# Saturn Sky Redline Looking Good To Me!



## GM Kid (Mar 21, 2005)

I just paid $3.05 a gallon for gas yesterday. This little Saturn (due this fall) is starting to appeal to me:


----------



## dealernut (Oct 22, 2005)

I agree, cept I like the Solstice. It will definetely be the next car in our Garage. 

260 hp 260tq and 2800lbs. I am a player. i only hope they go with a 6 speed. Should know for sure next week as the ordering books come out.


----------



## GM Kid (Mar 21, 2005)

Thanks for the assist with the photo, 05GTO.

I've owned two Corvettes, and so far those are the only two-seaters I've had experience with. Maybe it's weird for a torque junkie to admit, but a smaller, nimble sports car has always appealed to me. I don't want to go through life without my car ownership history having included one of these. The intimacy, price point, power and economy of the Solstice/Sky make them really attractive.


----------



## Groucho (Sep 11, 2004)

Yeah- pretty car....but I'll bet your average mpg isn't going to vary significantly between your Holden and the Sky Redline...it may even be worse.

Break it down. It's actually kind of amazing.


----------



## GM Kid (Mar 21, 2005)

dealernut said:


> Should know for sure next week as the ordering books come out.


Would you mind sharing? And will GMS be available? Should I go this route, it'll be a tossup between the Sky and Solstice. I like my Pontiac dealership and I know everyone there, so going with a Sky would mean meeting a whole new group of folks. I like the Sky's edgy, quasi-Corvette styling a lot, but the Solstice wouldn't be bad at all.


----------



## GM Kid (Mar 21, 2005)

Groucho said:


> Yeah- pretty car....but I'll bet your average mpg isn't going to vary significantly between your Holden and the Sky Redline...it may even be worse.
> 
> Break it down. It's actually kind of amazing.


You make a good point. For a brief spell I owned a '91 Beretta GTZ with the buzzy, 180-bhp Quad Four in it. To get that sucker to move with anywhere near the alacrity of my previous car (an '86 Vette), I had to wind the bejeebers out of it . . . thereby ruining whatever economy it may have offered.

If you pick a reasonable rate of everyday, stoplight-to-stoplight acceleration--whatever rate your own "internal motor" naturally selects--I've always held that a very powerful car probably matches the fuel economy of a smaller car that you have to beat the snot out of to get up to speed.
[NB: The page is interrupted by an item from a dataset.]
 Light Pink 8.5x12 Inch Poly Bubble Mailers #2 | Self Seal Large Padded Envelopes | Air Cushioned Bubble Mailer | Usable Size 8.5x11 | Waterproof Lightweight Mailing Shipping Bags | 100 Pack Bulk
Kinda like handing a full suitcase to both Conan the Barbarian and Pee Wee Herman: They both can move it, but one is working awfully hard to get the job done while the other is loafing.

Still, we're looking here at a car that weighs nearly _1,000 pounds _less than ours, but is only down 140 bhp. Kinda fun to think about.


----------



## noz34me (Dec 15, 2005)

As a former Miata owner, I really liked the looks of the Solstice and although I haven't seen the Skye personally, the design looks even more wicked to me. (And therefore more appealing)

I hope the Skye has a usable trunk, but since it shares design with Solstice, I'm guessing it won't. I've also heard neither will have a spare tire only a can of goo and a built in compressor. Great for fixing a nail or screw hole, but little comfort if you blow out one of those low profile tires on a pothole. Go to the CrossFire forum, and you'll read the horror stories of people stranded and financially raped trying to get a tire replaced.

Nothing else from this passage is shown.